▶ **Activity**: All of the entries below, duplicated exactly, make up the answer.

+++

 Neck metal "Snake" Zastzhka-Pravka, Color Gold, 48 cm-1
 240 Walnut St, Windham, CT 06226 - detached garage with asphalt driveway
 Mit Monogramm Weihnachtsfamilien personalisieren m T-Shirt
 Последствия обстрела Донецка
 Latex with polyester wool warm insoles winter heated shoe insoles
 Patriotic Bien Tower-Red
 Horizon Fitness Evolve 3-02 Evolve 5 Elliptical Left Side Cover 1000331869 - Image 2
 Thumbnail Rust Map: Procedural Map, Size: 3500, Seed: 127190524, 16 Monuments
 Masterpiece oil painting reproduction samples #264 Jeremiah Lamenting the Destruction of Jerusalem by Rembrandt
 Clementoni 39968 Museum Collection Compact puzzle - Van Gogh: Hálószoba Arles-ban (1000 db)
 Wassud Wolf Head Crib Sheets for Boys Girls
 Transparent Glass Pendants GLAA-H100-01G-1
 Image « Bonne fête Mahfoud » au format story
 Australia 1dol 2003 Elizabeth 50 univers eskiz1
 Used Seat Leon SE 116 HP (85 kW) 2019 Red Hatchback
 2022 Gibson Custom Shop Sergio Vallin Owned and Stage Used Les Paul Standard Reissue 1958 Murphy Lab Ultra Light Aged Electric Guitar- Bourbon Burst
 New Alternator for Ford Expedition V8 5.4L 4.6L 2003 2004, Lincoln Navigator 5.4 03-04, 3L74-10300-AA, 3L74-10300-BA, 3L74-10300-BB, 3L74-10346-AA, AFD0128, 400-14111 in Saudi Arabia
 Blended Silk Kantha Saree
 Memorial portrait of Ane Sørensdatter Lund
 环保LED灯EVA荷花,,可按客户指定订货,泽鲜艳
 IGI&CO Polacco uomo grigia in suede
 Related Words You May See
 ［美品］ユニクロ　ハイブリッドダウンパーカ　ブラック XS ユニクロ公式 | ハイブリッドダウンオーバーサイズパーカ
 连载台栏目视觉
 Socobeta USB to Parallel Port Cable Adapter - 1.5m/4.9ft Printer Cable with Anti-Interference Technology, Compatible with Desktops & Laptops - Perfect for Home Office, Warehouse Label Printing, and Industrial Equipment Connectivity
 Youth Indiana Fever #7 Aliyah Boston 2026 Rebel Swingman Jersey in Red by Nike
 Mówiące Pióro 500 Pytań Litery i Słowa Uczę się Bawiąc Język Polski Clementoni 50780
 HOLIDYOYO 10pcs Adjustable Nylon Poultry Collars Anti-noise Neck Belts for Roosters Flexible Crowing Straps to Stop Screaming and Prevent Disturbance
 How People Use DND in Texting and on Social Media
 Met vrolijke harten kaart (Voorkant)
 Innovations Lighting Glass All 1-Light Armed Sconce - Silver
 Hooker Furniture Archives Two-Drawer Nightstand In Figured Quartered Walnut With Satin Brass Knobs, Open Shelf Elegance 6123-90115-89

+++

▶ **Written reply**:
 Neck metal "Snake" Zastzhka-Pravka, Color Gold, 48 cm-1
 240 Walnut St, Windham, CT 06226 - detached garage with asphalt driveway
 Mit Monogramm Weihnachtsfamilien personalisieren m T-Shirt
 Последствия обстрела Донецка
 Latex with polyester wool warm insoles winter heated shoe insoles
 Patriotic Bien Tower-Red
 Horizon Fitness Evolve 3-02 Evolve 5 Elliptical Left Side Cover 1000331869 - Image 2
 Thumbnail Rust Map: Procedural Map, Size: 3500, Seed: 127190524, 16 Monuments
 Masterpiece oil painting reproduction samples #264 Jeremiah Lamenting the Destruction of Jerusalem by Rembrandt
 Clementoni 39968 Museum Collection Compact puzzle - Van Gogh: Hálószoba Arles-ban (1000 db)
 Wassud Wolf Head Crib Sheets for Boys Girls
 Transparent Glass Pendants GLAA-H100-01G-1
 Image « Bonne fête Mahfoud » au format story
 Australia 1dol 2003 Elizabeth 50 univers eskiz1
 Used Seat Leon SE 116 HP (85 kW) 2019 Red Hatchback
 2022 Gibson Custom Shop Sergio Vallin Owned and Stage Used Les Paul Standard Reissue 1958 Murphy Lab Ultra Light Aged Electric Guitar- Bourbon Burst
 New Alternator for Ford Expedition V8 5.4L 4.6L 2003 2004, Lincoln Navigator 5.4 03-04, 3L74-10300-AA, 3L74-10300-BA, 3L74-10300-BB, 3L74-10346-AA, AFD0128, 400-14111 in Saudi Arabia
 Blended Silk Kantha Saree
 Memorial portrait of Ane Sørensdatter Lund
 环保LED灯EVA荷花,,可按客户指定订货,泽鲜艳
 IGI&CO Polacco uomo grigia in suede
 Related Words You May See
 ［美品］ユニクロ　ハイブリッドダウンパーカ　ブラック XS ユニクロ公式 | ハイブリッドダウンオーバーサイズパーカ
 连载台栏目视觉
 Socobeta USB to Parallel Port Cable Adapter - 1.5m/4.9ft Printer Cable with Anti-Interference Technology, Compatible with Desktops & Laptops - Perfect for Home Office, Warehouse Label Printing, and Industrial Equipment Connectivity
 Youth Indiana Fever #7 Aliyah Boston 2026 Rebel Swingman Jersey in Red by Nike
 Mówiące Pióro 500 Pytań Litery i Słowa Uczę się Bawiąc Język Polski Clementoni 50780
 HOLIDYOYO 10pcs Adjustable Nylon Poultry Collars Anti-noise Neck Belts for Roosters Flexible Crowing Straps to Stop Screaming and Prevent Disturbance
 How People Use DND in Texting and on Social Media
 Met vrolijke harten kaart (Voorkant)
 Innovations Lighting Glass All 1-Light Armed Sconce - Silver
 Hooker Furniture Archives Two-Drawer Nightstand In Figured Quartered Walnut With Satin Brass Knobs, Open Shelf Elegance 6123-90115-89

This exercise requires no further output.